Originally published in 1971, this book was hailed as the most comprehensive collection of photos, paintings, and drawings documenting the history, development, and customs of the city of New Orleans that has ever been produced. From La Salle’s claim of the Louisiana territory in the name of France in 1682 to the decisive Battle of New Orleans in 1815 to the rapid growth of the mid- to late-nineteenth century, historian Leonard V. Huber provides a chronological study of this unforgettable city that is both extensive and educational.

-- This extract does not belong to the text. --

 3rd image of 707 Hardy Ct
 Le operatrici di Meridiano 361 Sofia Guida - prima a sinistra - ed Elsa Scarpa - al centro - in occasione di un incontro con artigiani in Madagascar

Over one thousand revealing pictures encapsulate such events, records, and developments as the early settlers’ confrontation of the Indians, the first plans for the city, the French and Spanish regimes, the evolution of architectural styles, the growth of Canal Street into the major thoroughfare in the city, the mysterious “cities of the dead,” infamous natural disasters that crippled the city, Bourbon Street, the unique ferry and streetcar systems, the romantic steamboat era, the bustling French Market, the influence of jazz, and much, much more. The phenomenon of Mardi Gras is dealt with extensively, as are the cultural offerings of the city (theatre, opera, fine arts, and cuisine) throughout history.
Pelican’s reprint of this authoritative volume is a useful record for residents, historians, students, and tourists alike, bringing to life the fascinating history of one of the most famous and charming cities in the world.